I dislike their clickbaity reaction face nature.
Keep it up, either way!
Hey Theo, I know you probably won't read this but here is a tip.
You can enable showing the hidden pseudo elements in the settings of the dev tools. It'll show all shadow roots, and their contained (pseudo-)elements , and make them available for easy inspection. It helps me occasionally. It's interesting how elements like input are actually built.
Theo! You should definitely do a video on the list of CSS inconsistencies but since you mentioned the table layout, could you please make a video about tables in general?
I feel like I'm losing my mind. This isn't discussed anywhere that I can find. The HTML table element/styling is so bad that at this point people just use DIVs to make tables with complex interactions. It performs terribly but it's somehow easier than dealing with native tables.
I was so annoyed by how bad native tables are, that I spent most of my day today trying to figure out how the world of W3C worked on a design and development level but it was super obscure to get into. That's something else I would love to see a video on, since you seem to communicate with a lot of industry people and might have some knowledge on the subject.
To me the table element is in dire need of some love but I couldn't find any serious discussions on it anywhere.
What’s the advantage of using dialog:modal vs just having your own div container that acts the same
I learned to use *{margin:0px;padding:0px;border:none;width:100%;height:100%;} then go custom on EVERYTHING else. My css decreased in size because I didn't have to do any weird workarounds, and pixel accuracy went to 100%. Also if you want default behavior, you can do so per element or class/id and it's children can inherit. Try doing 3D in css while relying on the defaults and you will pull out your hair.
Just yesterday, i was trying to (and failing) to style :cue pseudo-class on video captions, so i feel this.
Please I would love a video on all CSS mistakes
On 3:40 if you go frame by frame ("." key) you can clearly see the max-width/max-height informations in the style tab, you just missed it because of the massive Tailwind Preflight definitions. Not sure about this video, why Chrome gets bashed.
The CSS mistake video would be a fun one
I agree with the take that `box-sizing: border-box` should not be added in the UA stylesheet for EVERY new element, because that would make things inconsistent. However some elements, such as buttons and inputs, DO have it in the UA stylesheet, all according to spec. I might be wrong about this, but I think that is because those elements had the border-box behaviour even before the box-sizing property existed. My conclusion is that since there already are inconsistencies, it should be OK to add `box-sizing: border-box` to a new element when the alternative is a bunch of weird spacing hacks from the UA, as if that would make things less confusing?

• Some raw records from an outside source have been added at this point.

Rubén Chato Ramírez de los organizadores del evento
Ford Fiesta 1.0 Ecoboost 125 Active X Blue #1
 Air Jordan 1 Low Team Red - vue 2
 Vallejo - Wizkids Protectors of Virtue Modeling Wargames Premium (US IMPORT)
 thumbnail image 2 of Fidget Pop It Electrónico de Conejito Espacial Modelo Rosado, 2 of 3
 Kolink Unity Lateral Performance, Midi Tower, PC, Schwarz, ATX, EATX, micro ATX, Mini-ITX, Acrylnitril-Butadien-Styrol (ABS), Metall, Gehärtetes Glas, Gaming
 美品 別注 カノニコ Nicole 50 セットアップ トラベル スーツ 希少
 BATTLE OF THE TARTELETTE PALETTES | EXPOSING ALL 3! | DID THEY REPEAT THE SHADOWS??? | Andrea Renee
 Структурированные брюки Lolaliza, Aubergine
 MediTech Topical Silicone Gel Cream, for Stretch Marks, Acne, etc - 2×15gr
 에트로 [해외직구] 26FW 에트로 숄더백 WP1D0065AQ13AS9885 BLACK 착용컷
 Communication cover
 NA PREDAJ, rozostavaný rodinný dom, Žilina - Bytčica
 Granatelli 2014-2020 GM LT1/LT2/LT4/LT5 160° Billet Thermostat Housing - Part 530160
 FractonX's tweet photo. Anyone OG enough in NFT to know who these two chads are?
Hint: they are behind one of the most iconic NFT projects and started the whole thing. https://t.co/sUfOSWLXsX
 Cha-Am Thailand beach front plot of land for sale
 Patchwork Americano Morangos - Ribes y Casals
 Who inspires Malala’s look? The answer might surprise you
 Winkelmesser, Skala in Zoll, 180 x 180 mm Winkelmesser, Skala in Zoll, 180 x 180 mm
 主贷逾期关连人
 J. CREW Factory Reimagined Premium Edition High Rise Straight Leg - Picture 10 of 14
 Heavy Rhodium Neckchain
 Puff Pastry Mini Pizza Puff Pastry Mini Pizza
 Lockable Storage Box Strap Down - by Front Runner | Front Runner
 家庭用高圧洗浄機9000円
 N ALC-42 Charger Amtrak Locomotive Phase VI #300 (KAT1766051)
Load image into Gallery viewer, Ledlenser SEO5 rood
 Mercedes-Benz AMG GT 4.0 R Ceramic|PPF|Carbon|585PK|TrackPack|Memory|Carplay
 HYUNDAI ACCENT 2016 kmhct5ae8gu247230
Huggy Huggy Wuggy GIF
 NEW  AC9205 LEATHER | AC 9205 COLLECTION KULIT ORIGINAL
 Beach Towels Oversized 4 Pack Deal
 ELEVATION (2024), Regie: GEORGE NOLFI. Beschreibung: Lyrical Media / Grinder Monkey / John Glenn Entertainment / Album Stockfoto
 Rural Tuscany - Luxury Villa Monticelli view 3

I've just faced this issue TODAY. How i solved it is i looked at the styles of the dialog element and saw that it has the default style of max-width and max-height set to something like calc(100vw - 4rem - 2px). So I've set them to unset in my stylesheet and it's fixed.
Jesus Cristo, I ran into this already. I didn't know it was a Chrome messup
Btw, the box-sizing was less of an issue with the borders (yes transparent border) but it was annoying with the padding, since with 100px + padding 20px -> width 140px , this is the one thing IE did right from the start ;) since technically border-box is IE's way.
As a 5 months beginner in the world of web dev, i'm glad to have already gone through this. I'm not too bothered by it since it "just" one more css reset parameter to add. The easy solution as far as i'm concerned would be to have an option to disable the user agent entirely.
I'm pretty "new" (re-learning after some tinkering ~15 years ago) to CSS so take this with a grain of salt. Seeing Theo, such a frontend demi-god in my eyes be surprised by this... tells me that the CSS learning curve is not just *steep* but steep, then vertical and then steep in the other direction.
I think sometimes when people post oddball replies it's because they had half the conversation in their head, and then posted some conclusion the "two of you discussed" as if you supposedly understood the context. In their mind they are dropping pearls of wisdom.
I only ... suggest this... because of "reasons"
"a friend of mine used to do this...."
Omg finally somebody is talking about this, this always annoyed me. I wasn't sure how to overwrite this
CSS issues and you can not find it in Styles go to Computed. Heck sometimes now I just start with Computed.
Not a huge fan of reseting all behavior in CSS, since some of it is decent just things like this can be a major annoyance.
I also agree with Kevin on newer elements should just not have the same settings that old ones did.
I understand the bug about the user agent stylesheet didn't appear. But tbh, the logic about the max-width and max-height is understandable.
A dialog is a modal, and why did you want a modal take all your screen ? That sound like a bad idea
0:50 - 1:23 as someone who isnt a web developer and has little CSS experience, this is how i feel whenever i do anything in CSS
I agree with the spec that there should be min-width for inputs, and this is also not exposed. However, you are correct, there should probably not be a max-width. That does not make a lot of sense. You bring an excellent point that these hidden defaults should be exposed to developers.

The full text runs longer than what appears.